On the morning of Wednesday 14th June, I was due to travel down to London for a meeting. I got up early to do some admin, and then turned to the online version of the Guardian website.

I was transfixed by the horrific picture of a burning tower block. It haunted me for the rest of that day and it is still often in my thoughts. I am sure you will also remember it – and remember too where you were when you first saw it.

Grenfell and its aftermath has shaken us all and raised many questions

  • What was the duty of care of Council officials to ensure that the building was fire safe?
  • Why weren’t the fire regulations tightened up after similar fires in 2013?
  • What does this incident tell us about our society and the differing standards applied to housing for ‘rich people’ and ‘poor people’.

Coming a bit closer to home – how does this affect YOU? We have all become much more sensitive to fire safety, but what are the actual obligations upon landlords in the private sector?

Test your cladding

The first thing to say is that if you have external cladding on your properties, particularly if it is a high-rise building, you should consider getting it tested (or ask for it to be tested if you do not own the block). There may be government help for this which you can read about here (NB you will find all the announcements relating to Grenfell here.

But what are private landlord’s legal obligations?

The Law

The main legislation is the Regulatory Reform (Fire Safety) Order 2005. This requires landlords (or the person who has control of the property – which could be the letting agent) to carry out fire risk assessments for properties.

There is no prescribed way to do this and it depends on the circumstances. If the property is a bungalow and all doors and windows open out onto the ground floor, then provided you have the proper smoke alarms fitted, you will probably be alright. However, if the property is a high-rise building, it would be best to get a proper professional fire risk assessment report done by a specialist company.

If you are managing an HMO there may be extra requirements – you will need to speak to your Local Authority about this.

The other important thing to bear in mind is the Local Authority powers under the Housing Health and Safety Rating System which come under the Housing Act 2004. Fire is one of the 29 hazards which EHOs have to test for. If your property fails the test you could be facing an improvement notice.

Smoke alarms

You should now have fitted smoke alarms on all floors of rented property and CO alarms in all rooms with solid fuel burners.

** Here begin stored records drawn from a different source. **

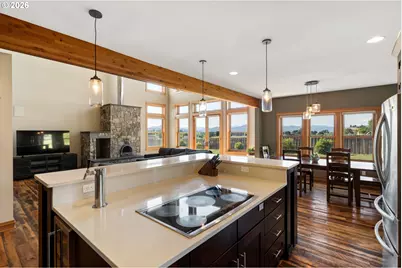 3066 Thomsen Rd, Hood River, OR 97031 - Photo 21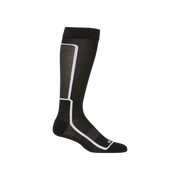 KOMBI Backcountry Light Ski Socks - Adult Moonstone
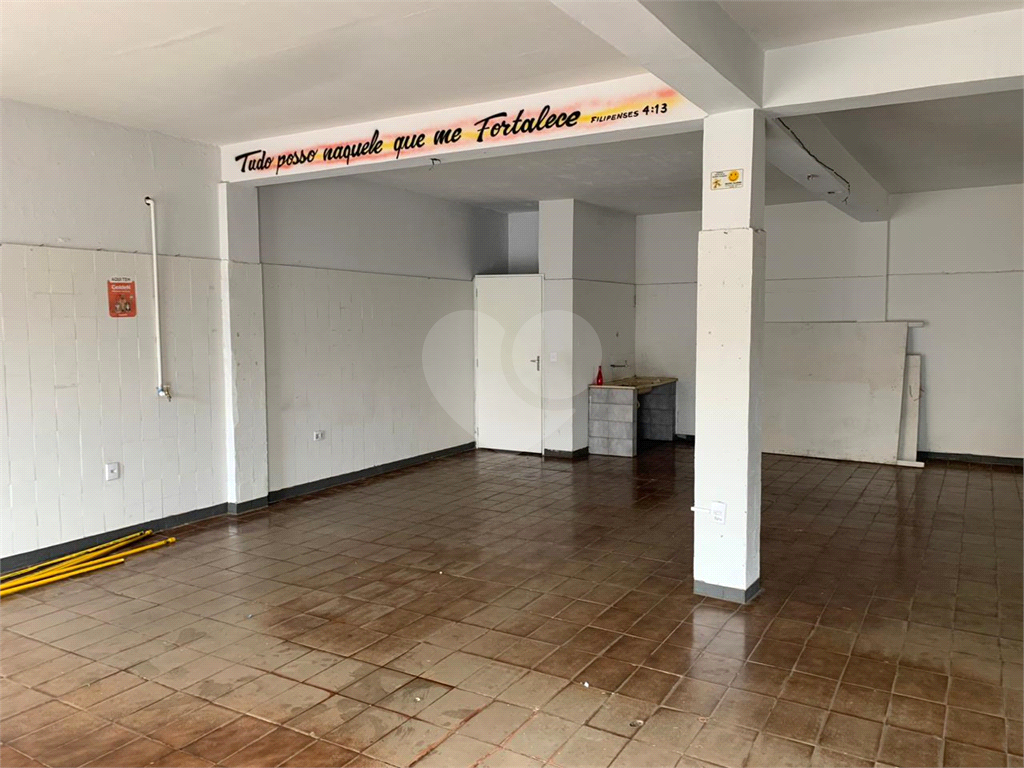 Loja-Salão à venda, 135m² - Foto 22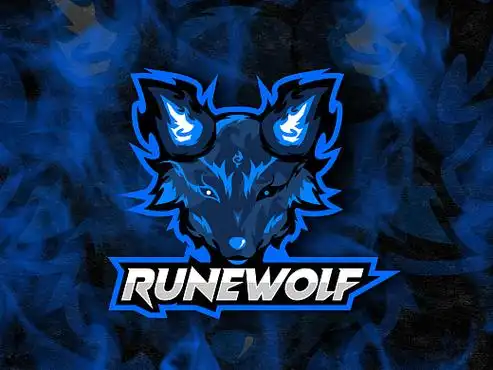 游戏战队服饰_素材网站_图片免费下载-zcool站酷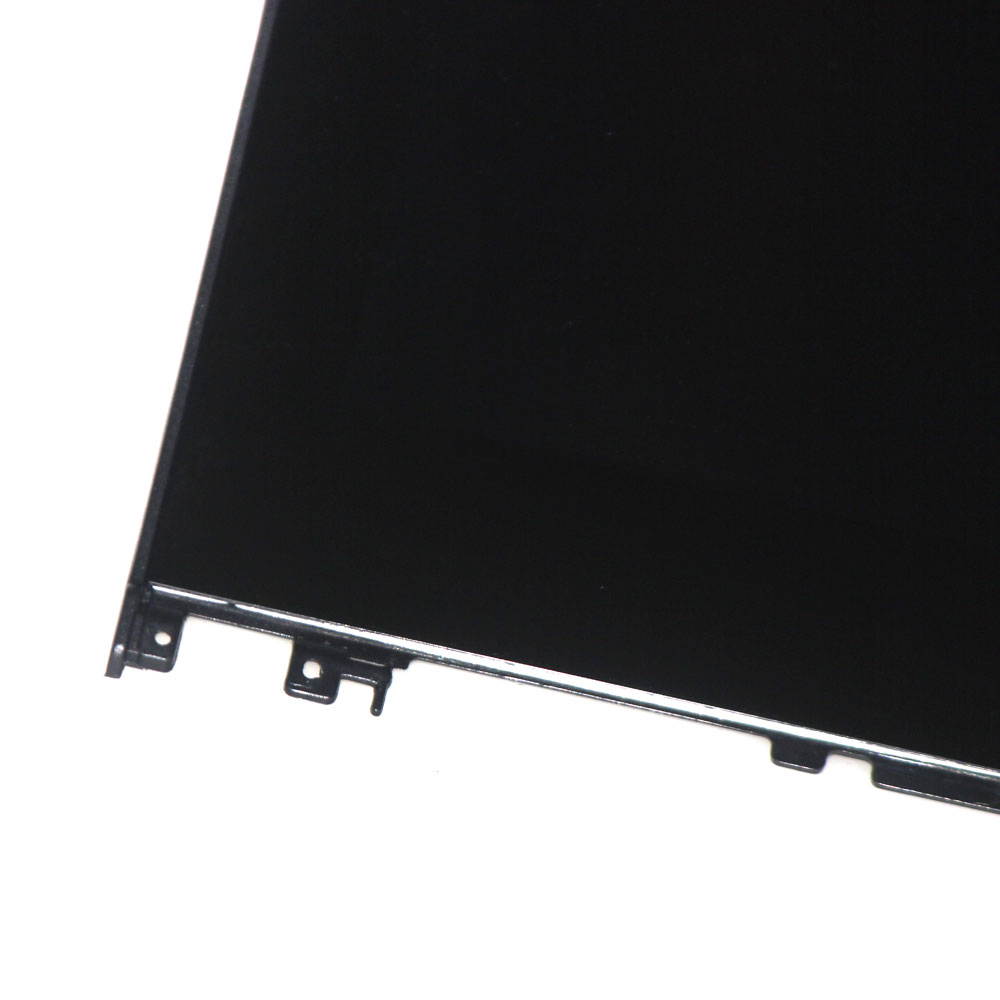 NT156FHM-A13 Lcd Touch Screen Assembly W/Bezel for Lenovo Edge 2-15 1580 5D10J34211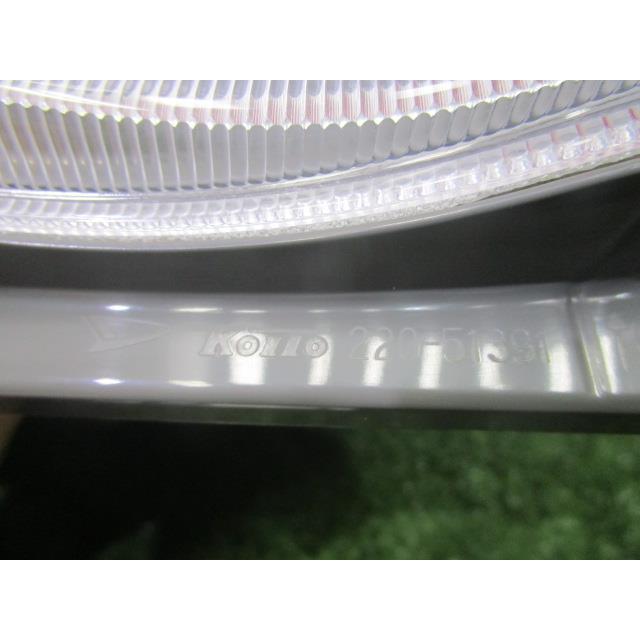 タント LA600S LA610S 右テールランプ 220-51391 81551-B2350 送料【S1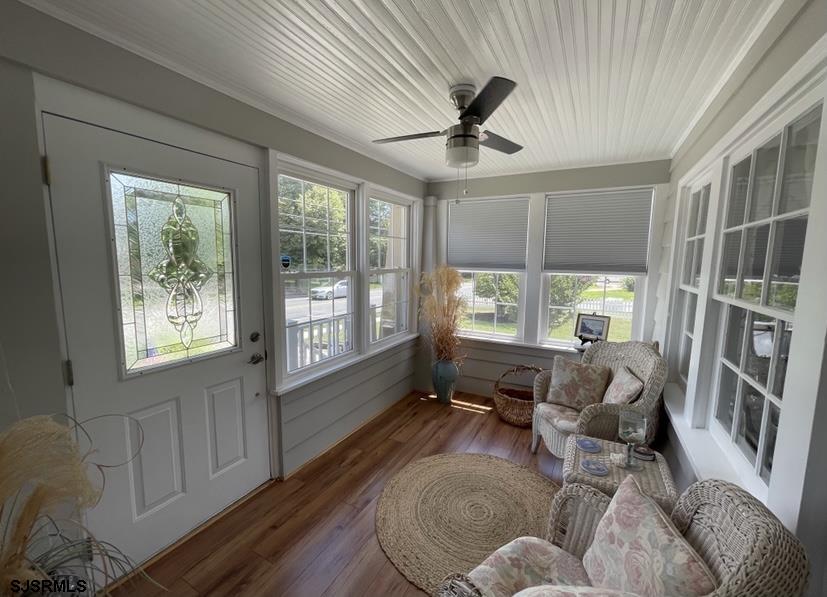 110 East Mill Road Northfield, NJ 08225 - Photo 3 of 42 Gallery Image 3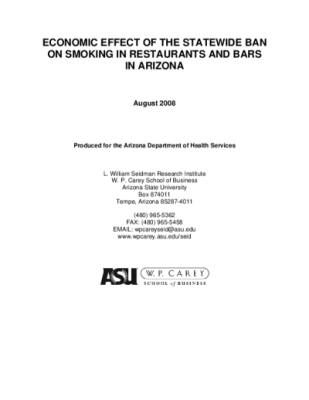 42802-Thumbnail Image.png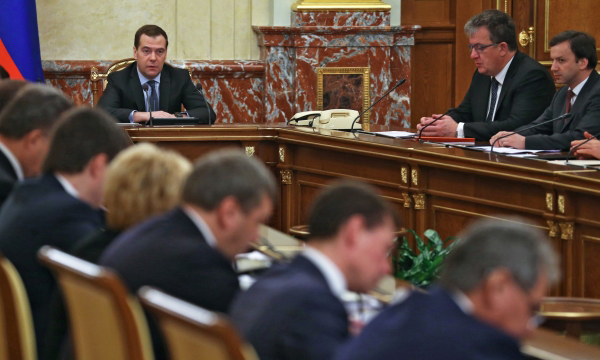 ����: ��� �������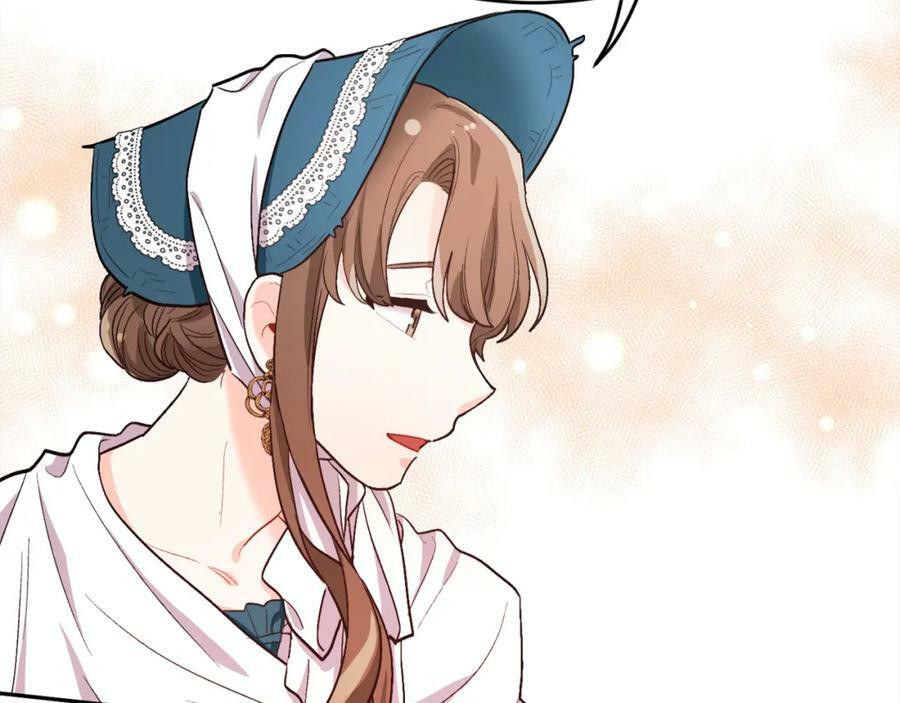 第165话 内维斯的身世159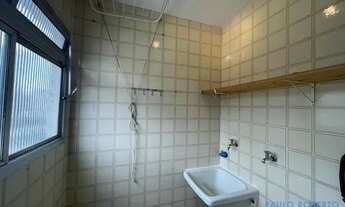 Imagem 6: APARTAMENTO - PARAÍSO - SP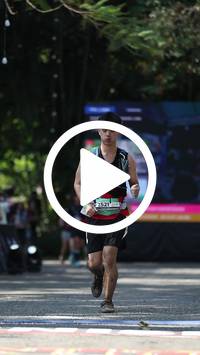 BIB:  <button type="button" onclick="openModal(28013384)" class="btn btn-primary btn-sm float-right" data-toggle="modal" data-target=".modal-high-quality">
                <i class="fa fa-download"></i> Download
                </button>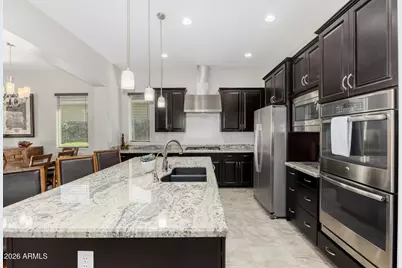 3870 E Ficus Way, Gilbert, AZ 85298 - Photo 12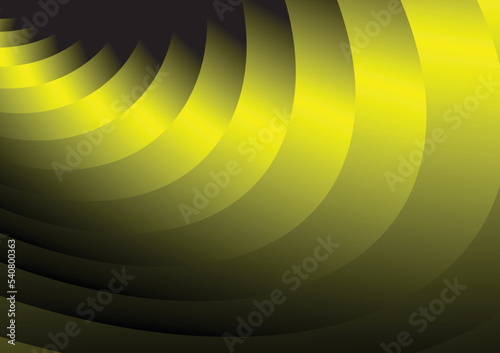 Light beam technology  connection. Technology concept.
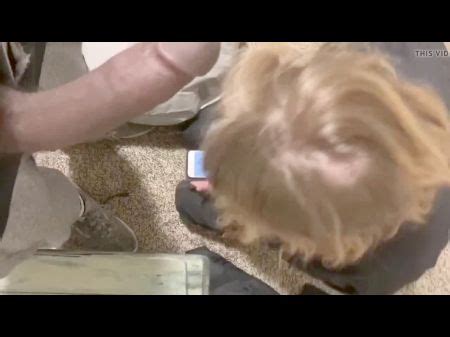 Granny And Husband Shares Black Cock Porn Free Xxx Tubes Look Excite And Delight Granny And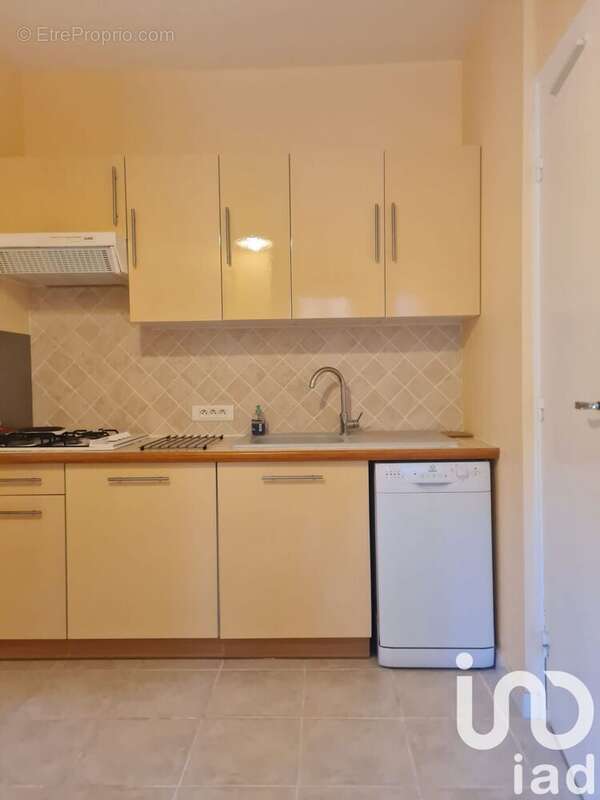 Photo 8 - Maison à VENTENAC-EN-MINERVOIS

These regulations came into force on 1 October 2015 and I did a post on the blog at that time here. If you have not got these alarms fitted, make sure that you do this asap.

Further information:

There is quite a lot of information online in particular on Local Authority websites.

So far as our 2017 Conference Course is concerned, I have included fire safety expert Warren Spencer’s talk to our 2015 Conference as a bonus item – the law has not changed significantly since 2015.

You will find more information about the Conference Course here.  There is a discount voucher for Property118 readers which is pp118cc30 – apply this on the checkout page and it will reduce the payment by 30%.  Note however that the coupon will expire after 16th September.

We also had a webinar on Fire Safety for our Landlord Law members recently as part of our members training, and the recording of this is available for Landlord Law members on the site.

You can find out more about Landlord Law here

Tomorrow I will be discussing leaseholder landlords

Tessa Shepperson is a specialist landlord & tenant lawyer and runs the popular Landlord Law online information service.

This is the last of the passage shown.